Our reports on the oral arguments from the May term of the Illinois Supreme Court continue with Lake County Grading Company, LLC v. The Village of Antioch. Lake County – which comes to the Court from the Second District – poses the question of whether subcontractors can look to local governments for payment when the general contractor on a public works project goes bankrupt. Our detailed look at the facts and lower court holdings in Lake County is here.

Lake County revolves around building projects in two residential subdivisions. The general contractor provided surety bonds based on the cost of the improvements, as required by the Public Construction Bond Act:

[Any political subdivision of the State] . . . in making contracts for public work of any kind costing over $50,000 to be performed for . . . any political subdivision thereof, shall require every contractor for the work to furnish, supply and deliver a bond to . . . the political subdivision thereof entering into the contract, as the case may be, with good and sufficient sureties. The amount of the bond shall be fixed . . . and the bond, among other conditions, shall be conditioned for the completion of the contract, for the payment of material used in the work and for all labor performed in the work, whether by subcontractor or otherwise .l . .

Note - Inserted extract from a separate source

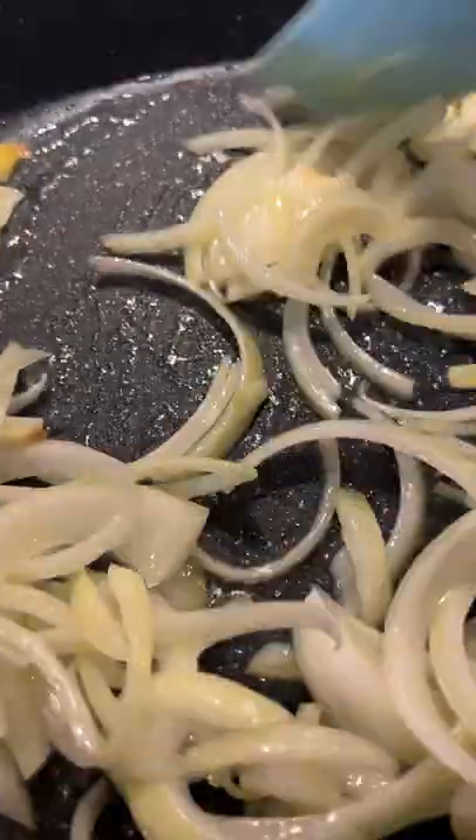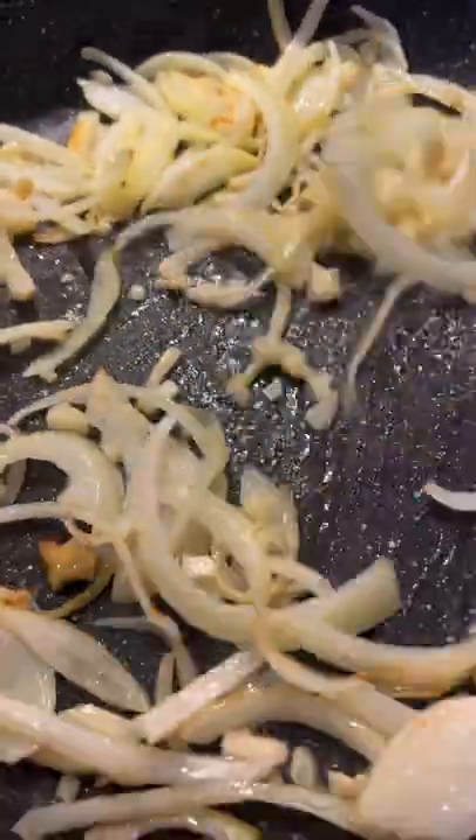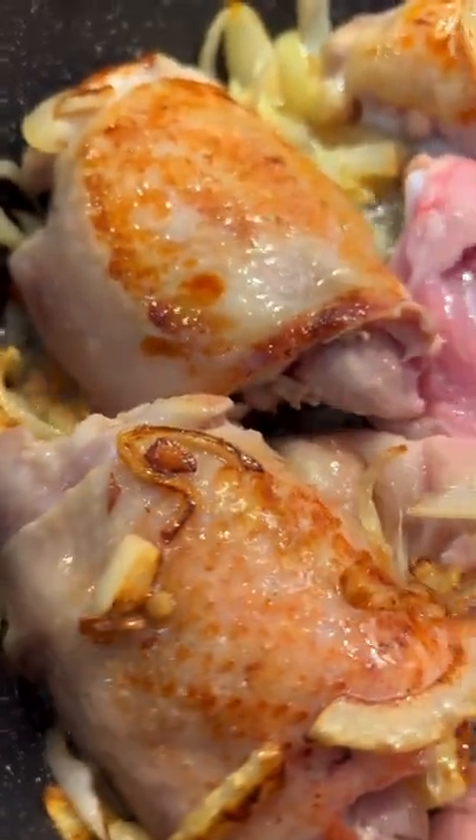How to make my favorite coca-cola chicken thigh. Add in sliced onion, sauté together for two to three minutes. Add in chopped garlic, sauté together for one to two minutes. Cook the chicken for four minutes inside facing down.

Each such bond is deemed to contain the following provisions whether such provisions are inserted in such bond or not:  “The principal and sureties on this bond agree that all the . . . terms, conditions and agreements of the contract or contracts entered into between the principal and . . . any political subdivision . . . will be performed and fulfilled and to pay all persons, firms and corporations having contracts with the principal or with subcontractors, all just claims due them under the provisions of such contracts for labor performed or materials furnished in the performance of the contract on account of which this bond is given, when such claims are not satisfied out of the contract price of the contract on account of which this bond is given . . .

The GC provided the Village with bonds, but they were performance bonds only: they said nothing about payment.

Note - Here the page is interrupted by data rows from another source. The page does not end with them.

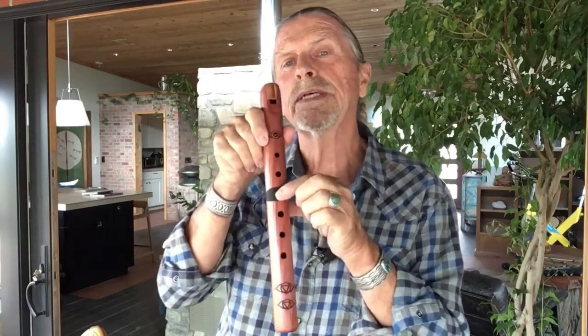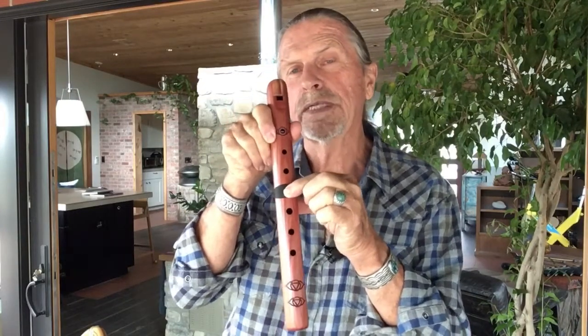It is a six-hole flute and we do put a leather tie on the third hole from the top. It makes it a little bit easier to learn when you're first starting to play as a five-hole flute. But then when you get ready, just go ahead and move the leather tie and play it as a six-hole flute. And here's its voice.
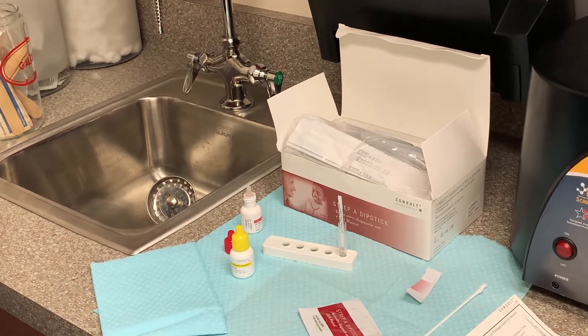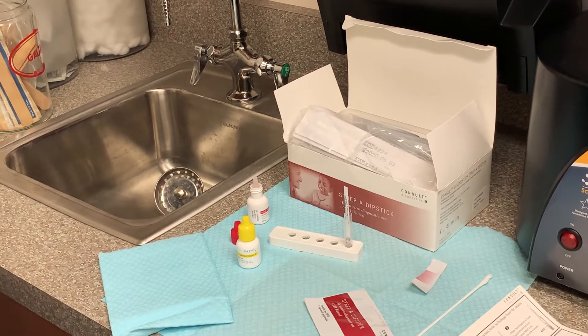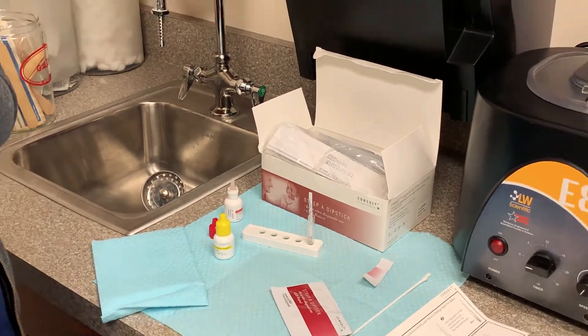And we're all set. We'll wait for the results. We'll see if my test has strep. I guess it'll be your five minutes.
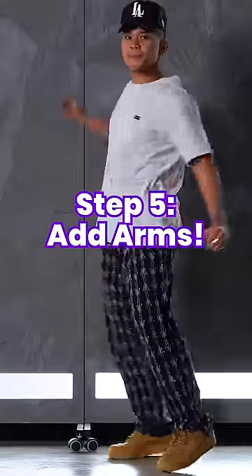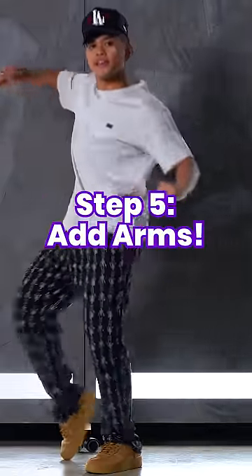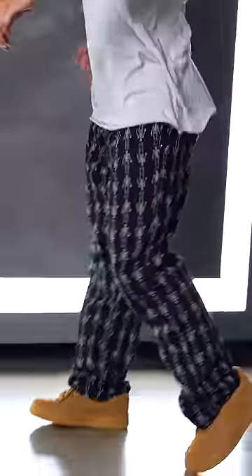To top it off, add some arms. I like to do this circular motion where my torso and elbows lean towards whichever foot is stepping forward. This is a great move that uses the space around you, but also helps you look more confident and powerful.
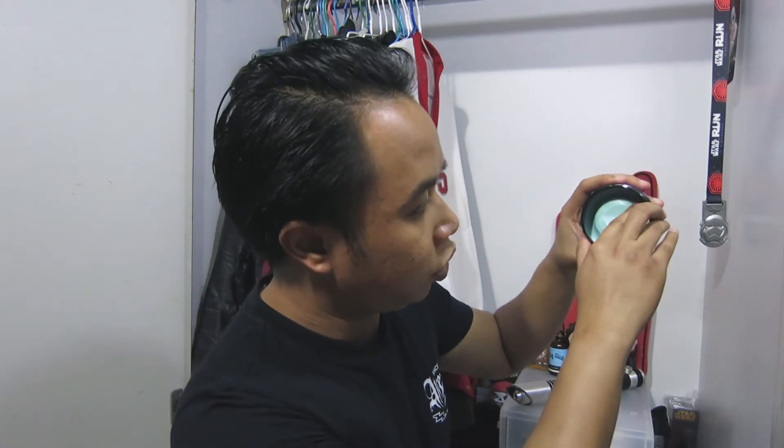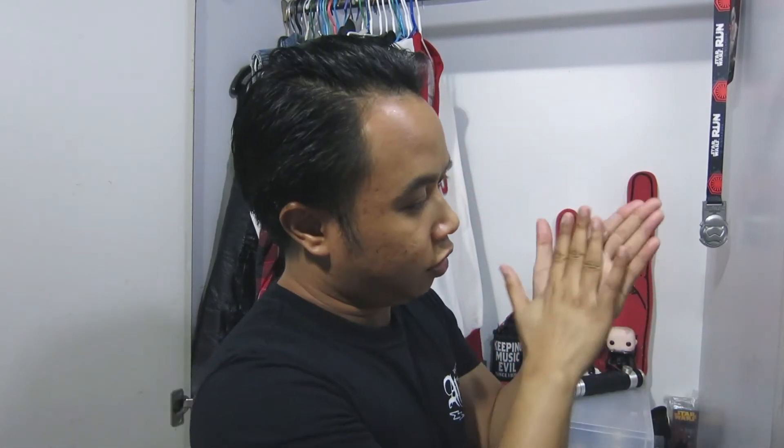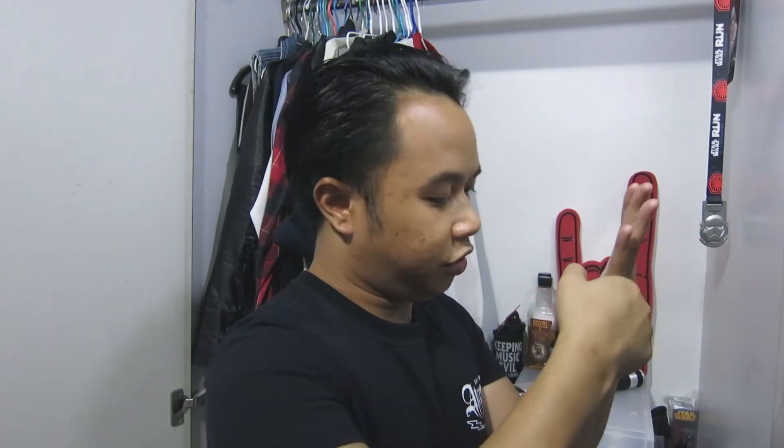Scooping it out, you would need to apply some pressure, but it still comes out pretty easily nonetheless. Feels pretty thick. Breaking it down — like I said, thick, sticky, and has this sort of gummy tackiness to it. It's not the easiest pomade to break down but it's not the hardest either. Just really need to get in there and break it down properly, but it still breaks down reasonably easy.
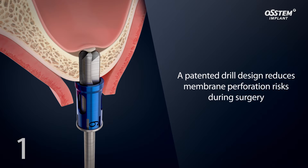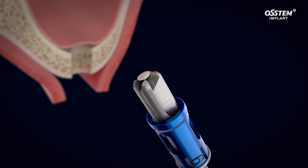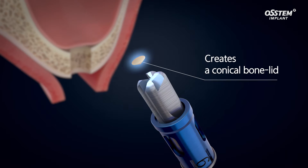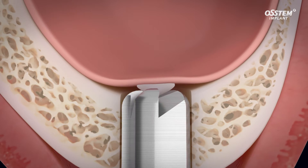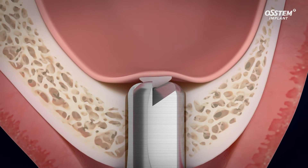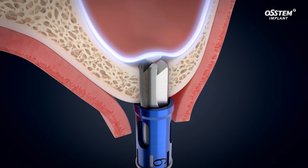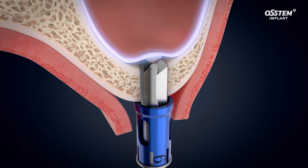The CAS kit reduces the chance of membrane perforation. The patented CAS drill creates a conical bone lid that keeps the drill edge from direct contact with the membrane, ensuring safer drilling by preventing sinus membrane perforation.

Even after the GC stopped work on the project (ultimately it declared bankruptcy), the subcontractor delayed sending out lien notices, hoping to protect its working relationship with the GC. More than 180 days after its last completed work, it finally got the liens filed. Sometime later, it sued the Village. Lake County came to the Court on two counts of the sub’s complaint – for third party beneficiary breach of contract, based on the Village’s failure to require payment bonds from the GC.

One of the central questions in Lake County turns on whether the language above automatically incorporates a payment obligation into bonds provided pursuant to the Act whether or not it’s stated.  If so, then the sub had a remedy under the Act, and since it waited more than 180 days to file its lien, its claim against the Village is barred. The Second District affirmed judgment for the sub on different grounds, holding that language in the basic contract between the GC and the Village empowering the GC to hire subcontractors was sufficient to make the sub a third-party beneficiary of the contract with standing to sue for breach.

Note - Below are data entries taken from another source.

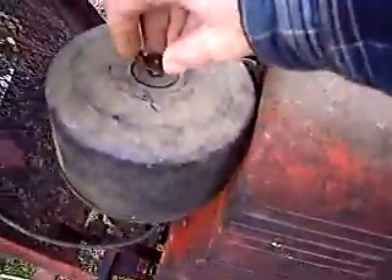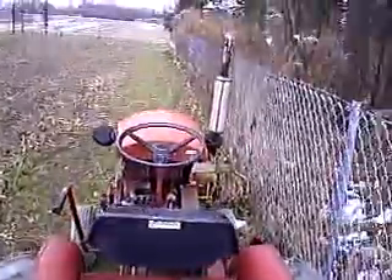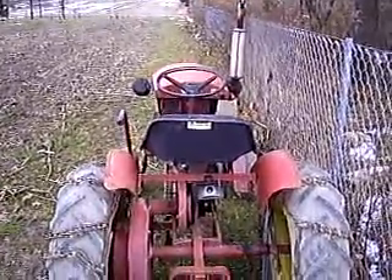That's all she needed was some starting fluid. That's a good running SpeedX right there. She's got some lightage. She's not even making a squeak. And that's my good old SpeedX. Glad I got it started.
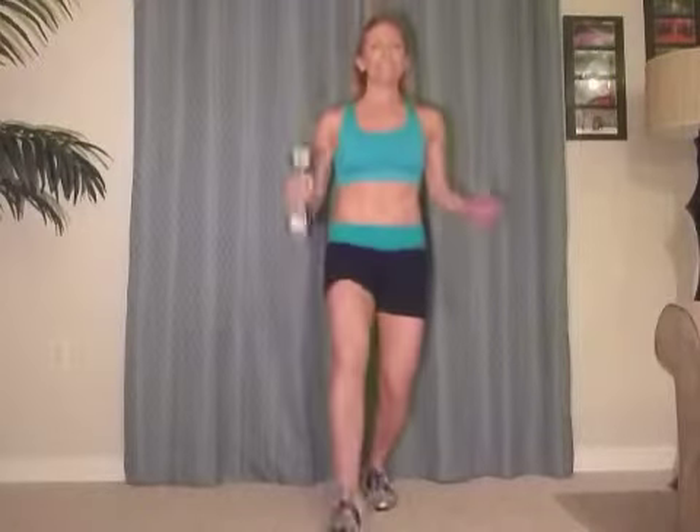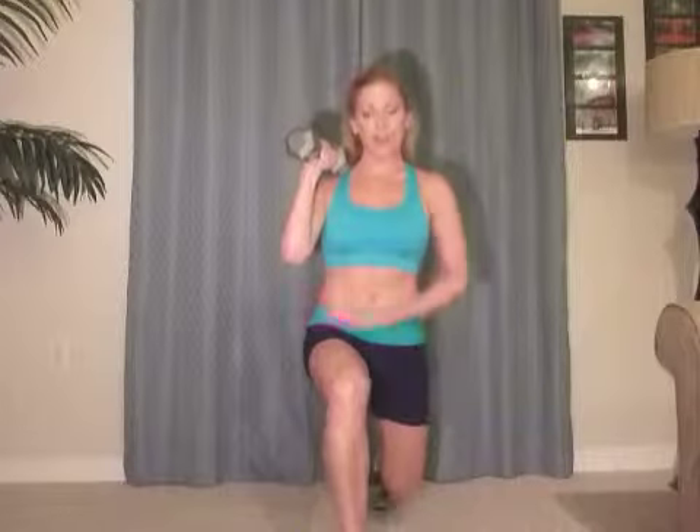Together. One of the things I really notice people do with their lunges is their knee — they're rocking way past their toes. That hurts. You do not want to do that. So make sure you really keep your body weight centered so you feel it back here and right there, and together. Good.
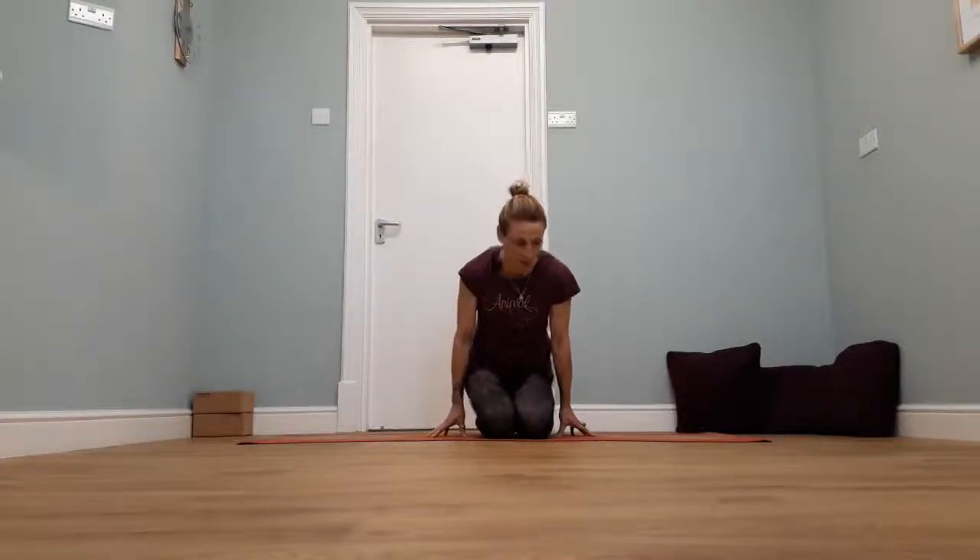We're going to just find a comfortable position to sit in for a moment. Wherever you are, you can kneel, you can sit across the leg, just close your eyes. Take some nice big breaths in, feeling the whole of the lungs expand — in really into the nose and out of the mouth. Taking three more breaths, just finding a bit of focus, centering ourselves for our pilates today.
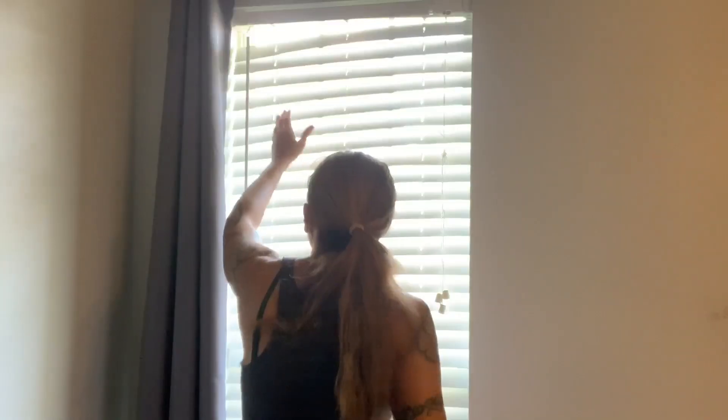Hey, good afternoon. It is so fun out there today — there's like a national weather advisory for the heat. So I think I'm going to do something indoors today. I noticed that the blinds in my bedroom window have been broken since we've moved in. The string is broken.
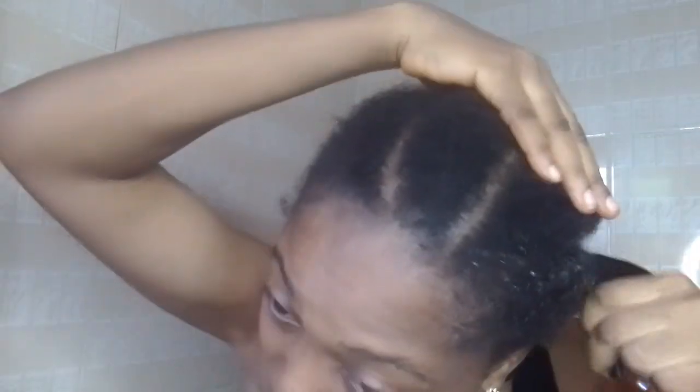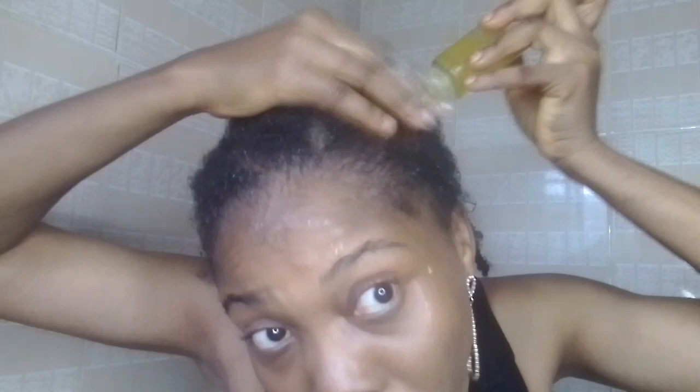I placed it into my applicator bottle and proceeded to apply it. In this video you'll see I'm also making use of an egg root spray — I'll be bringing up that video very soon, so stay tuned and subscribe to my channel so you know how I made that egg root spray. The egg root spray is essentially water-based, so if you don't have it, you can use plain water in its place.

Counsel for the Village began the argument, noting that the Court has not addressed the Act in fifty years. Counsel pointed out that although lower courts had suggested that the Act requires a payment bond, but in fact the statute never uses the term. Nevertheless, the terms of the Act are automatically read into any bond obtained pursuant to the Act. Justice Burke asked whether the plaintiff was suing to enforce the Bond Act. Counsel responded that the cause of action was based on the Act. Justice Burke asked whether there was evidence in the agreement between the GC and the Village that the sub was an intended third party beneficiary. Counsel said no, the Appellate Court had relied on a fragment of one sentence to find such an intent. In fact, the contract merely says that the GC can retain subs without competitive bidding – it says nothing about who pays. Justice Burke asked why a subcontractors term would be in the contract at all if there weren’t some sort of agreement that subcontractors would be involved. Counsel answered that nevertheless, there was no provision in the contract for the public entity which owned the property to assure payment to subcontractors. Moreover, even if the sub was a third-party beneficiary of the contract, any claim for breach was barred by failure of notice. Justice Karmeier asked whether the subcontractor could proceed against the bond, or against the Village. Counsel answered the bond only. He argued that the plaintiff had failed to comply with the conditions precedent for making a claim under the bond – specifically, making a claim within 180 days of stopping work. Having failed to do so, all rights under the Act were lost.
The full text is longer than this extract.